Now, she is afraid to try if it even looks wet, so for now she goes out in the front yard with us if it's raining or glazed over on the deck out back. I don't know how we will handle full on winter snow and ice since she's too heavy for me to carry! She is confined mostly to one level of our home. She falls down the steps routinely, so we've had to gate them off. 

Through all this, she shows zero sign of pain and has remained her happy self. No yelping, no stiffness, no sensitivity to being poked or prodded or touched in any certain place. She eats well (you'd think she is starving all the time LOL)....she wants to play, she wants to wrestle with the cats. She wants to steal scraps from the 2 year old. She wants to go outside every 10 minutes as usual.

If not for how unpleasant it looks to watch her walk around, you wouldn't know anything was wrong with her at all. The vet had said after they tried anti-inflammatories that were no help, there wasn't really anything they could do for a degenerative nerve condition. I haven't taken her back to the vet since the end of July because of the symptoms being so subtle for awhile and the lack of pain, and how she continued to be her happy self, like nothing was wrong. 

Since the symptoms have progressed further in the last couple weeks, I'm planning to go ahead and take her back in, although frankly, I dont want to put her through all kinds of tests just to be told there's nothing they can do. And, we can't afford the expensive treatment Dr. Clemmons recommends....which based on my reasearch is not widely accepted by most vets anyway. In fact, there seems to be lots of disagreement and inconclusiveness among vets regarding DM. 
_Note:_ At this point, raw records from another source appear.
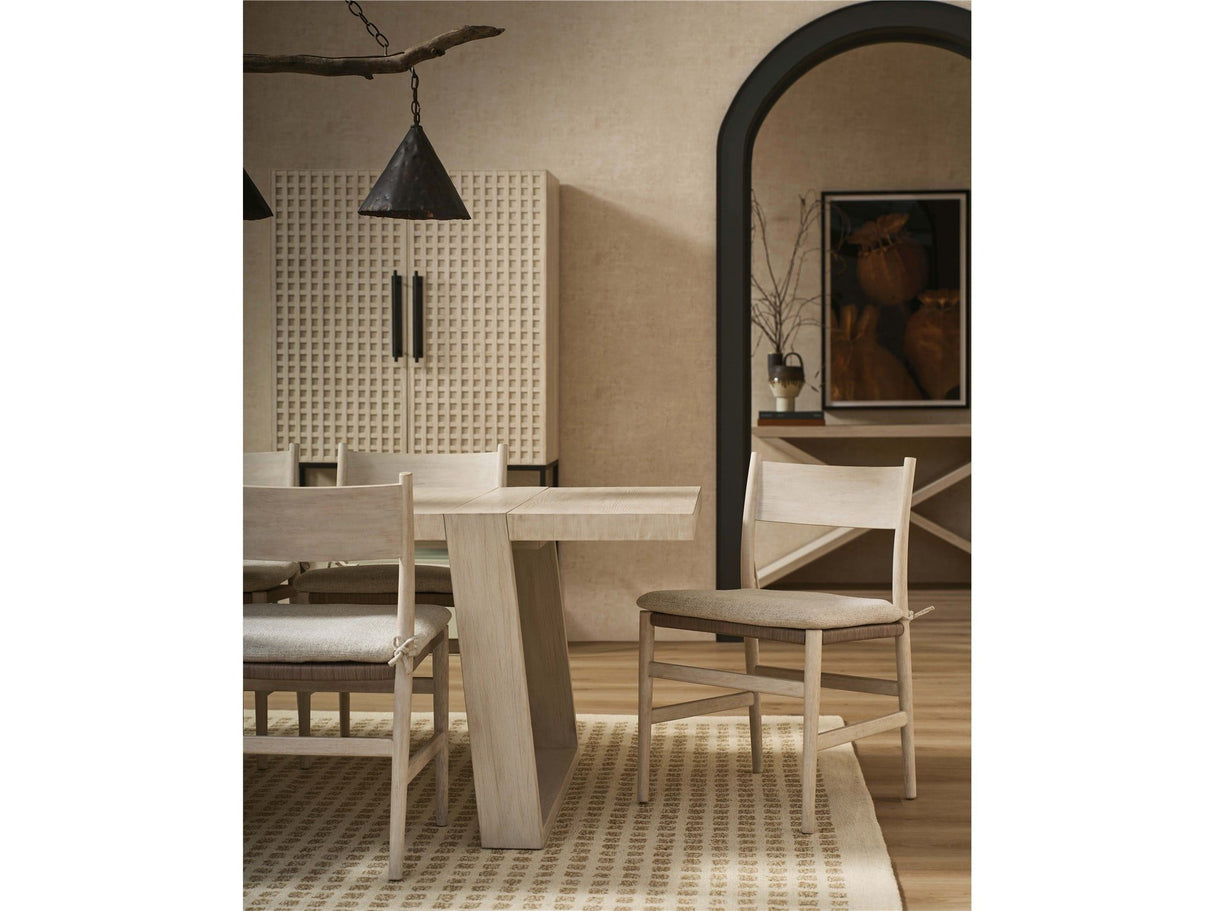 Dwell - Wood Back Side Chair (Set of 2)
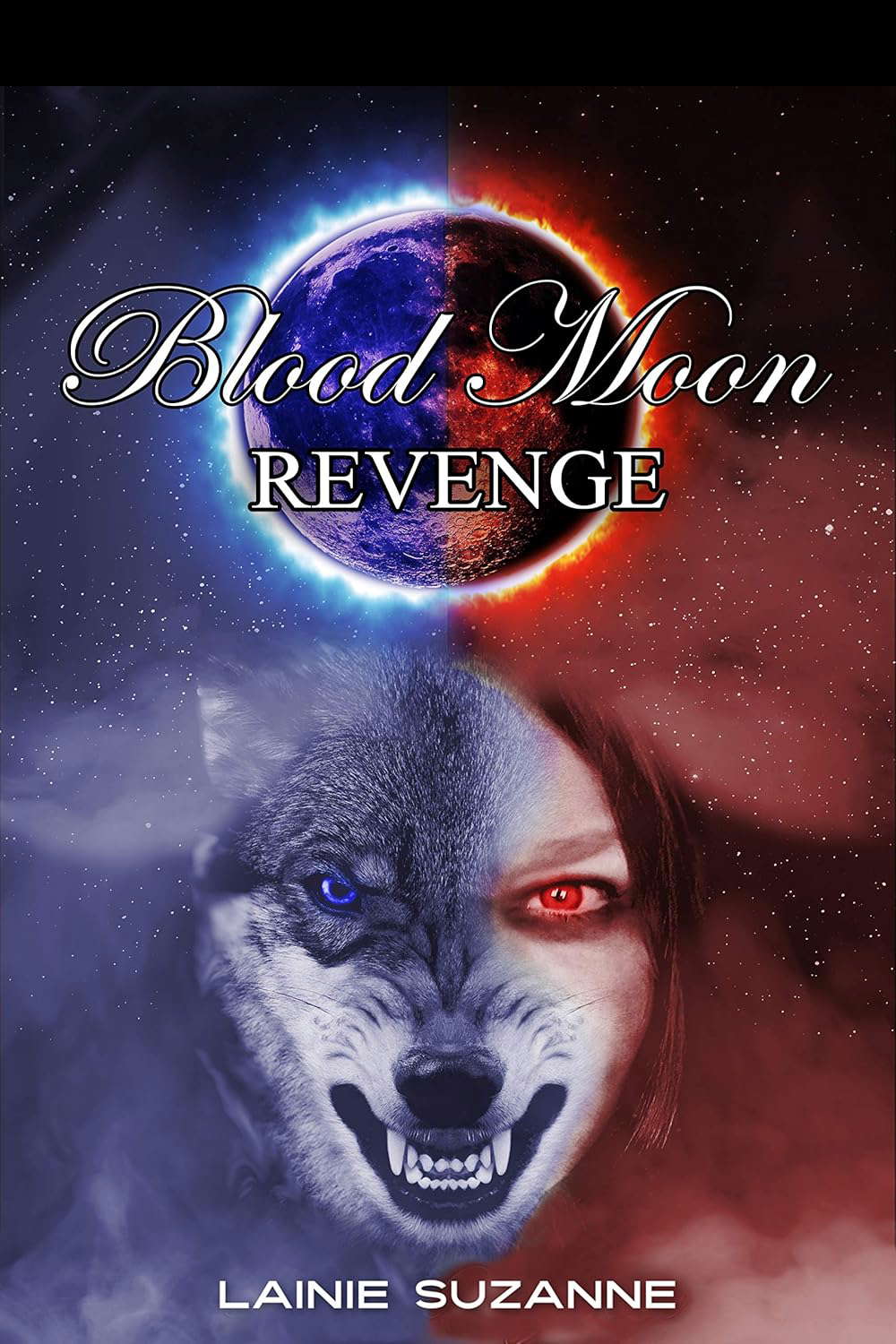 Blood Moon REVENGE (Blood Moon Series Book 3) poster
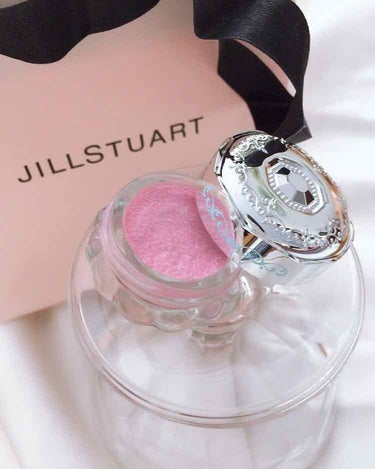 ジルスチュアート ジェリーアイカラー/JILL STUART/ジェル・クリームアイシャドウを使ったクチコミ（1枚目）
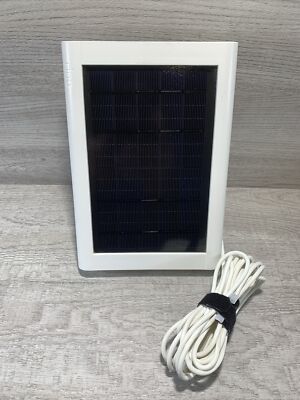 Ring Solar Panel V4 for Ring Spotlight Cam Battery EUC!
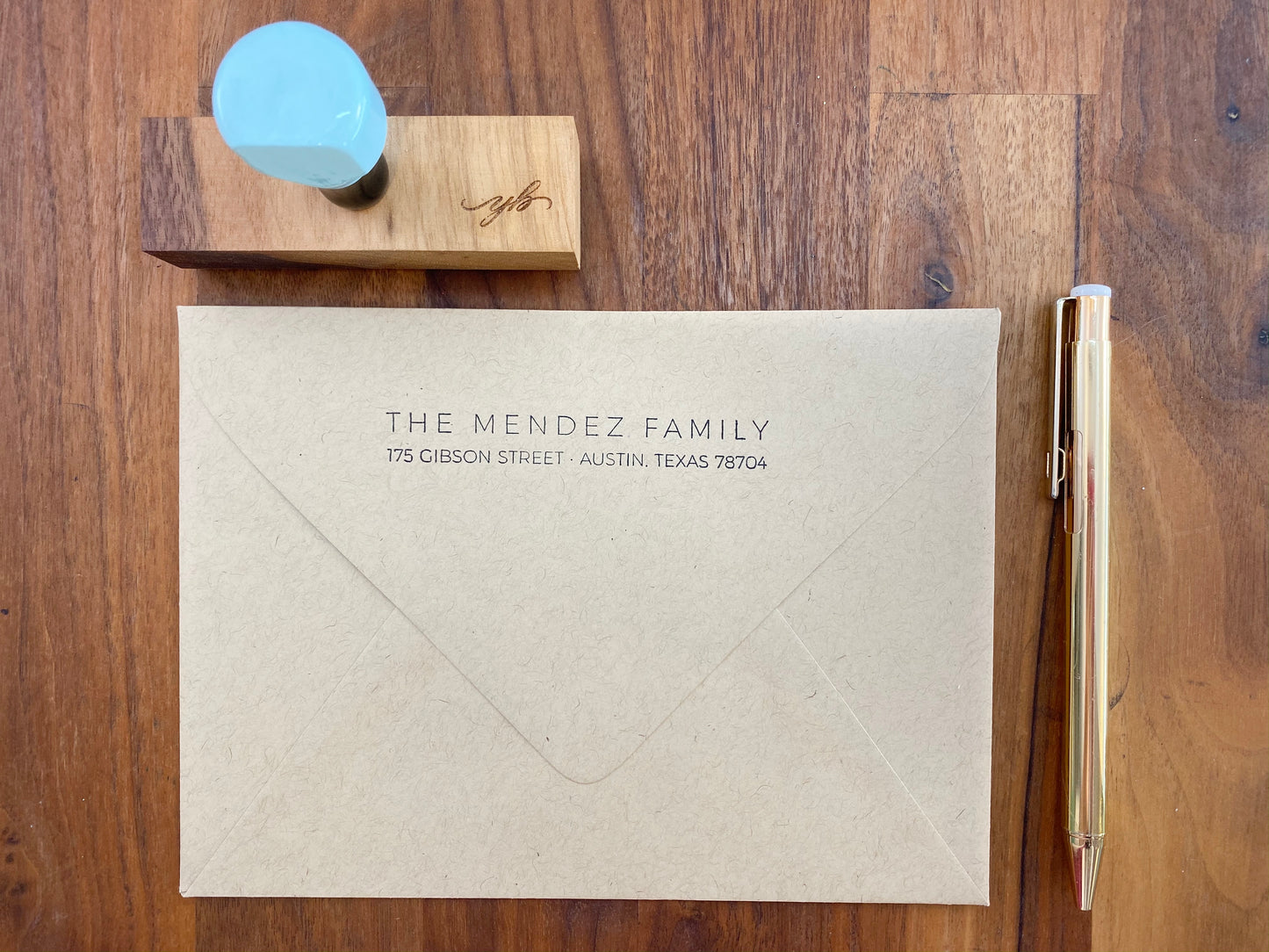 Clean and Simple Address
We also are not set up to transition her to a cart...our house and yard just aren't compatible with that type of situation, so when things get to that point, we will know it is time. 

Sorry to be so lengthy! I guess my only real point to this post is to vent a bit. I'm sad that I'm watching a 7 year old dog slowly decline physically, but still seem like a puppy in many ways. This was the first forum I found when we brought Sadie home 7 years ago! So much has changed, but not her. She's still her same rotten, goofy self she was back then...just a lot more gray on her face now.

Thanks for listening


----------



## Amaruq

Have you done the flash test? There ARE other issues that can present the same symptoms that you are experiencing that would be treated different than if it were DM. The flash test is not 100% indicative but it can rule it out. If she doesnt have the genetic marker than it IS something else. But if she DOES have the genetic marker it "might" be DM. It is confusing but the test itself (including the blood draw) when I had my vet test Phoenix was about $100.00. MIght be worth it to run that test and then forumate a game plan afterwards. 
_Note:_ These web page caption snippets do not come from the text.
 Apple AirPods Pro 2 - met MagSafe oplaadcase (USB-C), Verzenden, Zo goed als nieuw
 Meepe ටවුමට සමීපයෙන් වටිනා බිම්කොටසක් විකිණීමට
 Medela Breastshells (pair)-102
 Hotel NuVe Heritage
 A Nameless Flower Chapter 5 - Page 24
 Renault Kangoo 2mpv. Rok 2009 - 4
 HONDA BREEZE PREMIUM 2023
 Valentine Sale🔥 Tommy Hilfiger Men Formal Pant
In the mean time what about a sling/harness to help her navigate outside. It will mean more effort than just opening the door to let them out but it can also help her regain her confidence by being able to be mobile.


----------



## Baby Byron

Hey Kathleen,

Sorry to hear that. My Sidney looked like he had DM and we were convinced by a vet that we should just go ahead and put him down. Well, I did not want to believe that since every time I did the knucle test he would right away put his paw back on right. We too couldn't afford Dr C's so we went for a second opinion with the vet that takes care of all the GSDs from the Central Illinois GSD Rescue. She did the x-rays and quickly saw that he actually had spongylosis in 5 vertebrae in his lower back. That diagnose bought us 10 more months with him until Rymadil stopped working and we couldn't up the dose since his liver enzymes were on the top limit. But still he had 10 great months. He was 12. I hope Sadie doesn't have DM...
All our love for you and Sadie.
Ana


----------



## Lauri & The Gang

Kathleen,

How about some dog boots? The ones with rubber soles might help her keep her footing.

I did a quick Google search and found this: http://www.petboots.com/cboots.htm


----------



## alportbury

Hey Kathleen,

I have just received the same news about my foster (now adopted!!0 dog Roger. I would be very happy to talk to you about this if you want. I am a neuroscientist with a background in MS (which they say is the human equivalent of DM). I have researched this condition a lot and would be very happy to share my thoughts if you want.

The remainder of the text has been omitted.